- [Try it]: For the string "Mens", state how many lines of the data hold it. Give nothing besides the number.

- [Supplied data]:
━━━━━━━━━━━━━━━━

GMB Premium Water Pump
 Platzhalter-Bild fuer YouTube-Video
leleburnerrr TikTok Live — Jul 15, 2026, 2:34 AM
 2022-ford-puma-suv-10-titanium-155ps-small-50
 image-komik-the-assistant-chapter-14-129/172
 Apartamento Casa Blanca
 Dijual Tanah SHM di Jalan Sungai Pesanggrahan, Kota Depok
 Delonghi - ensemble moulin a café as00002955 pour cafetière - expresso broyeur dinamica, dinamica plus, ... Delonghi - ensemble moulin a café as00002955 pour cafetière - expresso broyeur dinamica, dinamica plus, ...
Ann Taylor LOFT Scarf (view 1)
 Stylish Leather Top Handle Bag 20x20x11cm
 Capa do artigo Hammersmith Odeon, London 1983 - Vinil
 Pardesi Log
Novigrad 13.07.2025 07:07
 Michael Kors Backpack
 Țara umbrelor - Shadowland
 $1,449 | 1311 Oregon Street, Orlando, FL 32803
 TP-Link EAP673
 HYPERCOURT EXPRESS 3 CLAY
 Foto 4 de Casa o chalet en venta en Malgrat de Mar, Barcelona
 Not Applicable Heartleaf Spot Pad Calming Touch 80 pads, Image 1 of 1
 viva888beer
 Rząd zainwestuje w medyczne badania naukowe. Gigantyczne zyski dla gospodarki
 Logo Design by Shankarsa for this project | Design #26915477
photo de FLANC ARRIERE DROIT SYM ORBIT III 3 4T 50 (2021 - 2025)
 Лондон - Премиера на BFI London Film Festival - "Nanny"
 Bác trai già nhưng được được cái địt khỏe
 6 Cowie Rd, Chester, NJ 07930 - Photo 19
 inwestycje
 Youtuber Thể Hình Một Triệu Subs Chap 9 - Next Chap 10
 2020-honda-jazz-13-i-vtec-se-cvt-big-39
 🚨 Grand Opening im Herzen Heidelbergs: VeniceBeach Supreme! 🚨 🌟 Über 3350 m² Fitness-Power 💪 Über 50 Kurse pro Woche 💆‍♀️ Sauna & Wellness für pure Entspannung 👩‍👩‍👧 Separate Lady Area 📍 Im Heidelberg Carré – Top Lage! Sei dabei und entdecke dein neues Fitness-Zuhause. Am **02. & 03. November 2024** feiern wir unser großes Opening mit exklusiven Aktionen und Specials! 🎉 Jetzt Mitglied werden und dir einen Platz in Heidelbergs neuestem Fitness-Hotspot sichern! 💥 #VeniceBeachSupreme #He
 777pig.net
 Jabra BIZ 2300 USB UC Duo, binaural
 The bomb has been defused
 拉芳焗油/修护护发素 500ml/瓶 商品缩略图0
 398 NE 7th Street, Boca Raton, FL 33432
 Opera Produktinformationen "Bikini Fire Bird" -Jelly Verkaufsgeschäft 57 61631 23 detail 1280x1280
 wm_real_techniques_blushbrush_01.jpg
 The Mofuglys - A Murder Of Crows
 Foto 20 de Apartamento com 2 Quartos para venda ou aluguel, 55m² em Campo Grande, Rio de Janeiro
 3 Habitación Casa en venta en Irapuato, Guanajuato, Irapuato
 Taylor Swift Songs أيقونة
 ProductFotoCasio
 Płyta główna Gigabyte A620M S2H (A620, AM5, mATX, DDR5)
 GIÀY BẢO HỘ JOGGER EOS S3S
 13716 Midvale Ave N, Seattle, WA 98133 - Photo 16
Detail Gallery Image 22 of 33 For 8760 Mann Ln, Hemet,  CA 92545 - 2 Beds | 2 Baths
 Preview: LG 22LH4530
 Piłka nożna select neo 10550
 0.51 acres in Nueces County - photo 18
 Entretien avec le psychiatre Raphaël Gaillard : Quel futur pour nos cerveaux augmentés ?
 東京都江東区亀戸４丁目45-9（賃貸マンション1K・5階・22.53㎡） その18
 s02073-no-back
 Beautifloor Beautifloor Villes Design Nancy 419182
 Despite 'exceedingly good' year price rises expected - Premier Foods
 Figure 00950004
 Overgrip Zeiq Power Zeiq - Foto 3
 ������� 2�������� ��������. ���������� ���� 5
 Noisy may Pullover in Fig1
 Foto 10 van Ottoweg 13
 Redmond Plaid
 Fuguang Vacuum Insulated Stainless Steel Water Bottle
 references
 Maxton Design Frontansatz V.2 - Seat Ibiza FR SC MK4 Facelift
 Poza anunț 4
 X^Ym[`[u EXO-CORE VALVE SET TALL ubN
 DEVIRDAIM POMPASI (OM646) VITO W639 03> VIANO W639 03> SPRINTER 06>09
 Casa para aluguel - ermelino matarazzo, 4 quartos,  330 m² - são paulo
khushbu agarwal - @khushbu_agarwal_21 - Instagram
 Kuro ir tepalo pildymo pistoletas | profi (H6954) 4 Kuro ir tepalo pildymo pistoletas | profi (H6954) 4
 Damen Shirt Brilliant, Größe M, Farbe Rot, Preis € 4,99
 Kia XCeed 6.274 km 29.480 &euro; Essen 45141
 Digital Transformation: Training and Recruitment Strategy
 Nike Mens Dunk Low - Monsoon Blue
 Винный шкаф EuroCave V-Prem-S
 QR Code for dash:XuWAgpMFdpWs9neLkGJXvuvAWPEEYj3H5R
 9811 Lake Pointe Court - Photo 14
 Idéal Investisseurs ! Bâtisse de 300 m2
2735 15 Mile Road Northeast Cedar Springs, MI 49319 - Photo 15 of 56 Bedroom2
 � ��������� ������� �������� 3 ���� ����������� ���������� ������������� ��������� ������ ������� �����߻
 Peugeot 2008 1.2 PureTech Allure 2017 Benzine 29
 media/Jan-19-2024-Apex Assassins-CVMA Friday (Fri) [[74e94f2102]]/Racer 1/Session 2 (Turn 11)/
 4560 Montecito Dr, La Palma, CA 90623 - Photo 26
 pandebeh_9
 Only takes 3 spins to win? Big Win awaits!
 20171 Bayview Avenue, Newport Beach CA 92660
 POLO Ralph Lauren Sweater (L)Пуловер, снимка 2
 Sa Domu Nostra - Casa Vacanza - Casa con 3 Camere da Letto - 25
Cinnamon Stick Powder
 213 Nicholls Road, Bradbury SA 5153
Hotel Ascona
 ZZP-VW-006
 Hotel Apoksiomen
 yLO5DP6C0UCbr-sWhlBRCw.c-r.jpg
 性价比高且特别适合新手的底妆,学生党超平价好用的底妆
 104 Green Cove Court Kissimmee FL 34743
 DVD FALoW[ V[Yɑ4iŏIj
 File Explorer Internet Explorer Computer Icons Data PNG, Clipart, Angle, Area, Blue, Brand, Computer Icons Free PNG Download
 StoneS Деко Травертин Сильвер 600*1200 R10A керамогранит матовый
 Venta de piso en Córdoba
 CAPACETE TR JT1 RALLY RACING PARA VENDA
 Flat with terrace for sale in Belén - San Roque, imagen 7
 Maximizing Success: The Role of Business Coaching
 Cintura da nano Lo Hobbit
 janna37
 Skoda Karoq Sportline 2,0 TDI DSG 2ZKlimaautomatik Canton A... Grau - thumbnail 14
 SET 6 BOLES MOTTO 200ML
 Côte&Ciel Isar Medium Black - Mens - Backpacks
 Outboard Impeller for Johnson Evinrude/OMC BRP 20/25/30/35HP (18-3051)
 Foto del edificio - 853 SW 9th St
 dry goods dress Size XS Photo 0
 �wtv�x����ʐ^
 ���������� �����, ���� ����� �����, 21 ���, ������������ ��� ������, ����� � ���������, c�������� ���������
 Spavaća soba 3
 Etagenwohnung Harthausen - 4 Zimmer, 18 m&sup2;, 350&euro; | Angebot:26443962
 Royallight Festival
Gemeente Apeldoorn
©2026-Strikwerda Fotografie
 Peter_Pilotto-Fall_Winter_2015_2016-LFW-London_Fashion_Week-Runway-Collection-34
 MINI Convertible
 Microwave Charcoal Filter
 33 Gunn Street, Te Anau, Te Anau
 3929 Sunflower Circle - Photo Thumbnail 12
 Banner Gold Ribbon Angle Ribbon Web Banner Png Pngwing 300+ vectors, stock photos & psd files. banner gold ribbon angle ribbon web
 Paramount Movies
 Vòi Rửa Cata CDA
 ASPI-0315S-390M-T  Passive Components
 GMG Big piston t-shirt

━━━━━━━━━━━━━━━━

- [Task response]: 2